Exercise aim:
Whatever the records below say, write them all out exactly.

┌─ Supplied entries

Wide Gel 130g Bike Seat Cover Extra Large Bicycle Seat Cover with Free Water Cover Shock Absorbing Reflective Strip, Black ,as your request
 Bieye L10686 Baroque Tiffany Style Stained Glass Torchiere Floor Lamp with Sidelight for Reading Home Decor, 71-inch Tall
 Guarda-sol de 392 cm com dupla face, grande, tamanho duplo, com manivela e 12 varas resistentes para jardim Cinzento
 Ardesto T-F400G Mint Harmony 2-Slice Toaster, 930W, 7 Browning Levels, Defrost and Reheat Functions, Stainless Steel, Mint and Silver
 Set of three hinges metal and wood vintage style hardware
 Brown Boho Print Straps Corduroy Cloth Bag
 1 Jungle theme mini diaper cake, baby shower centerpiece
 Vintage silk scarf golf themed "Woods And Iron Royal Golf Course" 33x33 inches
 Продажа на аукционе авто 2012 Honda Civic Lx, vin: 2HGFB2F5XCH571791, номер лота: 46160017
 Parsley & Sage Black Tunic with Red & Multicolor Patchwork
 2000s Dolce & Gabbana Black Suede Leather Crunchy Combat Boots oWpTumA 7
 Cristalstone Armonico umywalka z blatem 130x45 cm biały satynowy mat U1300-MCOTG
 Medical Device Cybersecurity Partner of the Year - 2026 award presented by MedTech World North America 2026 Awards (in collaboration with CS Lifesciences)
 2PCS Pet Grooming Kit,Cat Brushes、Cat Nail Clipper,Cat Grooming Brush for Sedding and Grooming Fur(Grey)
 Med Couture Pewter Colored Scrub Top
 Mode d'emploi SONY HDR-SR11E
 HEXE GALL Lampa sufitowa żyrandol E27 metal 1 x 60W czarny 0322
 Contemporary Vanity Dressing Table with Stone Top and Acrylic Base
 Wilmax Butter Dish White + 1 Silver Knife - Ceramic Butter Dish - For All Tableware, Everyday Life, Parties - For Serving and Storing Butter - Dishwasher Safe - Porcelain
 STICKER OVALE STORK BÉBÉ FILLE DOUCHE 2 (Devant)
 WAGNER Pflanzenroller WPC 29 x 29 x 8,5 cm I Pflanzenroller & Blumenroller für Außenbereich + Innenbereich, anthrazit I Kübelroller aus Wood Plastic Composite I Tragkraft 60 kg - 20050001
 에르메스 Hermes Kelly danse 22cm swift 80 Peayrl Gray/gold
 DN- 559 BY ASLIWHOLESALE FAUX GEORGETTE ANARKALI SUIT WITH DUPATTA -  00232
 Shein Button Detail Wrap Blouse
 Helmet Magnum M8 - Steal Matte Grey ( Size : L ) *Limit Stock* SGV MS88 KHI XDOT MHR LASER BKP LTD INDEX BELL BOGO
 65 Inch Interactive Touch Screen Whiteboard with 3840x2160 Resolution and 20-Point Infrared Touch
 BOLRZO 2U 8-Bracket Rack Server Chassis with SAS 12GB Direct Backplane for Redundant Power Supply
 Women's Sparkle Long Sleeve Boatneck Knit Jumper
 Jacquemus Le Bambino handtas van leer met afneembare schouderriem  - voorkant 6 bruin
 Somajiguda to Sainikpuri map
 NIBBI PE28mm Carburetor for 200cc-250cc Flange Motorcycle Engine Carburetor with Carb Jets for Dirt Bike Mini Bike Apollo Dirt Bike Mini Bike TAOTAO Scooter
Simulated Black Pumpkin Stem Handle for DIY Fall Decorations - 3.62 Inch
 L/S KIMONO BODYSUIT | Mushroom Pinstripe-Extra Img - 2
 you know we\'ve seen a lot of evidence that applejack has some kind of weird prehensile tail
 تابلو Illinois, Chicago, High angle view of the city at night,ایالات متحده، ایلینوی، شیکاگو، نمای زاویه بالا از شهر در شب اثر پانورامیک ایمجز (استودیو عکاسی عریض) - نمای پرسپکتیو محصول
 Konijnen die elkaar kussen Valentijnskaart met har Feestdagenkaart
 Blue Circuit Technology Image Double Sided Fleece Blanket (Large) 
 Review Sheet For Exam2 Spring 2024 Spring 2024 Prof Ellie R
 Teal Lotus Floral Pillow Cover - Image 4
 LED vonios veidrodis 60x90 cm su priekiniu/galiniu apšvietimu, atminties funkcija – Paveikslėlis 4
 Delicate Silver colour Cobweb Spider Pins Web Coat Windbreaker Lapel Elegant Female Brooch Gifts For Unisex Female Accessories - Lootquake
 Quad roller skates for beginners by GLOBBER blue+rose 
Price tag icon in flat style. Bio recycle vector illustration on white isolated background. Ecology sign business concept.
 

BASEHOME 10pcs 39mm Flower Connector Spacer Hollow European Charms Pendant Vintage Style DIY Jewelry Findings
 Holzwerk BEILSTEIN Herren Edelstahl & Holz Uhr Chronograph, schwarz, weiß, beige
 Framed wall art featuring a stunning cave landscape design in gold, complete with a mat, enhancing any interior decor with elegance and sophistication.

└─

Response to the exercise:
Wide Gel 130g Bike Seat Cover Extra Large Bicycle Seat Cover with Free Water Cover Shock Absorbing Reflective Strip, Black ,as your request
 Bieye L10686 Baroque Tiffany Style Stained Glass Torchiere Floor Lamp with Sidelight for Reading Home Decor, 71-inch Tall
 Guarda-sol de 392 cm com dupla face, grande, tamanho duplo, com manivela e 12 varas resistentes para jardim Cinzento
 Ardesto T-F400G Mint Harmony 2-Slice Toaster, 930W, 7 Browning Levels, Defrost and Reheat Functions, Stainless Steel, Mint and Silver
 Set of three hinges metal and wood vintage style hardware
 Brown Boho Print Straps Corduroy Cloth Bag
 1 Jungle theme mini diaper cake, baby shower centerpiece
 Vintage silk scarf golf themed "Woods And Iron Royal Golf Course" 33x33 inches
 Продажа на аукционе авто 2012 Honda Civic Lx, vin: 2HGFB2F5XCH571791, номер лота: 46160017
 Parsley & Sage Black Tunic with Red & Multicolor Patchwork
 2000s Dolce & Gabbana Black Suede Leather Crunchy Combat Boots oWpTumA 7
 Cristalstone Armonico umywalka z blatem 130x45 cm biały satynowy mat U1300-MCOTG
 Medical Device Cybersecurity Partner of the Year - 2026 award presented by MedTech World North America 2026 Awards (in collaboration with CS Lifesciences)
 2PCS Pet Grooming Kit,Cat Brushes、Cat Nail Clipper,Cat Grooming Brush for Sedding and Grooming Fur(Grey)
 Med Couture Pewter Colored Scrub Top
 Mode d'emploi SONY HDR-SR11E
 HEXE GALL Lampa sufitowa żyrandol E27 metal 1 x 60W czarny 0322
 Contemporary Vanity Dressing Table with Stone Top and Acrylic Base
 Wilmax Butter Dish White + 1 Silver Knife - Ceramic Butter Dish - For All Tableware, Everyday Life, Parties - For Serving and Storing Butter - Dishwasher Safe - Porcelain
 STICKER OVALE STORK BÉBÉ FILLE DOUCHE 2 (Devant)
 WAGNER Pflanzenroller WPC 29 x 29 x 8,5 cm I Pflanzenroller & Blumenroller für Außenbereich + Innenbereich, anthrazit I Kübelroller aus Wood Plastic Composite I Tragkraft 60 kg - 20050001
 에르메스 Hermes Kelly danse 22cm swift 80 Peayrl Gray/gold
 DN- 559 BY ASLIWHOLESALE FAUX GEORGETTE ANARKALI SUIT WITH DUPATTA -  00232
 Shein Button Detail Wrap Blouse
 Helmet Magnum M8 - Steal Matte Grey ( Size : L ) *Limit Stock* SGV MS88 KHI XDOT MHR LASER BKP LTD INDEX BELL BOGO
 65 Inch Interactive Touch Screen Whiteboard with 3840x2160 Resolution and 20-Point Infrared Touch
 BOLRZO 2U 8-Bracket Rack Server Chassis with SAS 12GB Direct Backplane for Redundant Power Supply
 Women's Sparkle Long Sleeve Boatneck Knit Jumper
 Jacquemus Le Bambino handtas van leer met afneembare schouderriem  - voorkant 6 bruin
 Somajiguda to Sainikpuri map
 NIBBI PE28mm Carburetor for 200cc-250cc Flange Motorcycle Engine Carburetor with Carb Jets for Dirt Bike Mini Bike Apollo Dirt Bike Mini Bike TAOTAO Scooter
Simulated Black Pumpkin Stem Handle for DIY Fall Decorations - 3.62 Inch
 L/S KIMONO BODYSUIT | Mushroom Pinstripe-Extra Img - 2
 you know we\'ve seen a lot of evidence that applejack has some kind of weird prehensile tail
 تابلو Illinois, Chicago, High angle view of the city at night,ایالات متحده، ایلینوی، شیکاگو، نمای زاویه بالا از شهر در شب اثر پانورامیک ایمجز (استودیو عکاسی عریض) - نمای پرسپکتیو محصول
 Konijnen die elkaar kussen Valentijnskaart met har Feestdagenkaart
 Blue Circuit Technology Image Double Sided Fleece Blanket (Large) 
 Review Sheet For Exam2 Spring 2024 Spring 2024 Prof Ellie R
 Teal Lotus Floral Pillow Cover - Image 4
 LED vonios veidrodis 60x90 cm su priekiniu/galiniu apšvietimu, atminties funkcija – Paveikslėlis 4
 Delicate Silver colour Cobweb Spider Pins Web Coat Windbreaker Lapel Elegant Female Brooch Gifts For Unisex Female Accessories - Lootquake
 Quad roller skates for beginners by GLOBBER blue+rose 
Price tag icon in flat style. Bio recycle vector illustration on white isolated background. Ecology sign business concept.
 

BASEHOME 10pcs 39mm Flower Connector Spacer Hollow European Charms Pendant Vintage Style DIY Jewelry Findings
 Holzwerk BEILSTEIN Herren Edelstahl & Holz Uhr Chronograph, schwarz, weiß, beige
 Framed wall art featuring a stunning cave landscape design in gold, complete with a mat, enhancing any interior decor with elegance and sophistication.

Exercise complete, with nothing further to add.